- [What is required]
Starting at the line with "image for item OI9220" and going on through the line with "Salvatore Ferragamo Open", reproduce each line in the records below exactly and nothing more.

- [Entries taken from a collection]
Segment Open
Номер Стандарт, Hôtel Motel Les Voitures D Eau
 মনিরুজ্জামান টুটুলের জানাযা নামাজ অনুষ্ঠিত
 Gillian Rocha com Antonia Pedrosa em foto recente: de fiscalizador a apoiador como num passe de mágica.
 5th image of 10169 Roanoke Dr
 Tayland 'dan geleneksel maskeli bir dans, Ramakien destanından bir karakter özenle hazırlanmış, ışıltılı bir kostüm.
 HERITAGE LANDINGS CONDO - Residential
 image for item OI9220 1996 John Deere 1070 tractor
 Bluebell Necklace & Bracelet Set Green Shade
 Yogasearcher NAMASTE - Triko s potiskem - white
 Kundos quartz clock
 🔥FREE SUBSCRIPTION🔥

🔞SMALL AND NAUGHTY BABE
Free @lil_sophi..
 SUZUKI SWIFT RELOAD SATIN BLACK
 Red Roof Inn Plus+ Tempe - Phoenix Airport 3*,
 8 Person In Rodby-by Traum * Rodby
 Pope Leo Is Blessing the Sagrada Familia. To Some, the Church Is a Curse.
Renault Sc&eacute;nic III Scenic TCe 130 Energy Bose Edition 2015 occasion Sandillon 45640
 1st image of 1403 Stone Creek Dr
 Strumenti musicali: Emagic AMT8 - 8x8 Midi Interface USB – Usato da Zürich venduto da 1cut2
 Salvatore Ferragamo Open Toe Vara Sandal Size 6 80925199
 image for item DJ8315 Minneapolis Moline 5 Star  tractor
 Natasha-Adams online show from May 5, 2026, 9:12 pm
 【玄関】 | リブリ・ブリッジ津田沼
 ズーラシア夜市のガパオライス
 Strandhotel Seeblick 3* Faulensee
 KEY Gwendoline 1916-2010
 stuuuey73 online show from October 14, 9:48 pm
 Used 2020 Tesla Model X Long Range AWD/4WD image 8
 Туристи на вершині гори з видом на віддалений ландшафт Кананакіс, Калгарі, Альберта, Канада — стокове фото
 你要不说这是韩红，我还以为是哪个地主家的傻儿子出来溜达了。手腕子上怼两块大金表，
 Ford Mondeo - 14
Segment Closed
- [Result of the task]
 image for item OI9220 1996 John Deere 1070 tractor
 Bluebell Necklace & Bracelet Set Green Shade
 Yogasearcher NAMASTE - Triko s potiskem - white
 Kundos quartz clock
 🔥FREE SUBSCRIPTION🔥

🔞SMALL AND NAUGHTY BABE
Free @lil_sophi..
 SUZUKI SWIFT RELOAD SATIN BLACK
 Red Roof Inn Plus+ Tempe - Phoenix Airport 3*,
 8 Person In Rodby-by Traum * Rodby
 Pope Leo Is Blessing the Sagrada Familia. To Some, the Church Is a Curse.
Renault Sc&eacute;nic III Scenic TCe 130 Energy Bose Edition 2015 occasion Sandillon 45640
 1st image of 1403 Stone Creek Dr
 Strumenti musicali: Emagic AMT8 - 8x8 Midi Interface USB – Usato da Zürich venduto da 1cut2
 Salvatore Ferragamo Open Toe Vara Sandal Size 6 80925199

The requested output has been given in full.